One important advantage of using the simulation approach is that of repeatability. If desired, the behaviour of the network could be made deterministic under the influence of a particular protocol. Debugging would be significantly easier in this case. On a real network or on a testbed, where there are a large number of factors this would not be possible.
On the other hand, there are a few disadvantages as well:
Exact simulations of real world protocols are rare. Invariably, certain assumptions and certain simplifications are made to a protocol in order to make it simulatable. In general the version of the protocol used in practice and the version used in a simulation would inevitably be different. Such abstract implementations of a protocol might not always produce reliable results.
Non-network events are not modeled in typical simulators. For instance a heavily loaded machine might introduce jitters of the order of a timeout. This might have an impact on the burstiness of a TCP connection on a very fast network.
Cross traffic is difficult to model on a simulator. Modeling competing flows requires more work and researchers usually choose a simple, but inaccurate model. Even simple topologies for competing flows, such as the dumbbell topology is difficult to analyze accurately on a simulator.
Implementations
Simulations, although they provide an easy way to test one's ideas, are not
enough for the analysis of the working of a protocol.
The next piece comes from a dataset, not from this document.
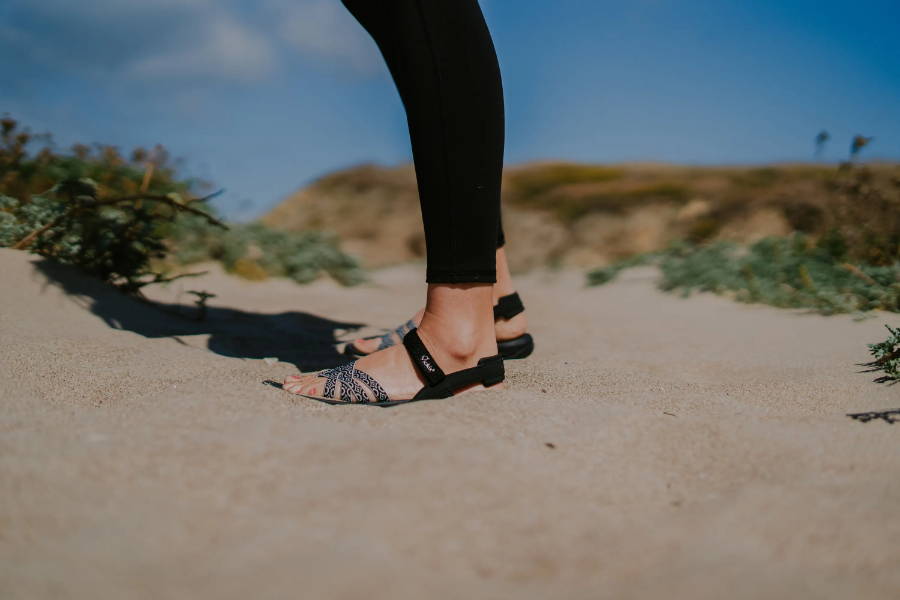 woman standing on beach in vegan sandals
Testing on the field would
require a lot of other issues to be considered. In particular, if a particular
protocol does not behave as expected it is possible that this is due to some
non-network factor like a slow operating system. The problem could also be in
the implementation of the other layers of the system.
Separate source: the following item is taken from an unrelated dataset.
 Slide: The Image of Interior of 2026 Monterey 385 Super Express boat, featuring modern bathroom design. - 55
Using testbeds is an attractive option for TCP tests. The problems associated with real world tests are alleviated to some extent. One has complete control over all the components in a testbed, much as in simulations. The disadvantages of using simulations are also absent. For example, real versions of TCP could be used. Also the influence of scheduler delays can be tested. Nonetheless, they also suffer from certain disadvantages. The available equipment might restrict the scope of the tests. The cost of setting up and maintaining a testbed is also high. Another disadvantage is that if commercial OSes are used on the machines, then there would be no way of changing their TCP implementations. Open source OSes like UNIX and its variants can be used, but it might not accurately model the most popular OS being used in a particular environment.
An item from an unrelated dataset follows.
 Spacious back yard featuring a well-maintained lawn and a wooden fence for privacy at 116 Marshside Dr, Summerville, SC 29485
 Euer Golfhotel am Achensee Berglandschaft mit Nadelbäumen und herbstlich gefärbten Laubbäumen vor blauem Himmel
Another option is to use emulation. An emulator models the network path between two real hosts. An emulation, in this sense, is a mix of both a simulation and a testbed. For example, bandwidth can artificially be constrained on certain parts of a testbed or a real network. Linux itself has certain modules that restrict the bandwidth of an outgoing network interface. Emulations also in a way abstract the real behaviour of the system like a simulation does. It therefore does not do much better than simulations, although interactions with real world networks can be examined.
The most realistic results are given by live Internet tests. Even though they might produce valuable information about the behaviour of a protocol, they are very difficult to setup. They might even create problems on the Internet.. The process could be extremely costly as well. The test might include hosts that span difference administrative domains. In such cases especially it is difficult to control all the components of the test. Maintenance costs of these test hosts would in particular turn out to be very costly. Issues of security and trust might cause some of these problems. Moreover, external conditions on the Internet can hardly be repeated. Therefore, debugging of a protocol could be extremely difficult.
In conclusion, it seems that a proper combination of various kinds of experiments is the best approach to adopt.
References
[1] Vern Paxson and Sally Floyd, "Wide-Area Traffic: The Failure of Poisson Modeling", IEEE/ACM Transactions on Networking, vol. 3, no. 3, pp. 226-244, June 1995.
[2] Mark Allman and Aaron Falk, "On the Effective Evaluation of TCP", ACM SIGCOMM Computer Communication Review, vol. 29, no. 5, pp. 59-70, 1999.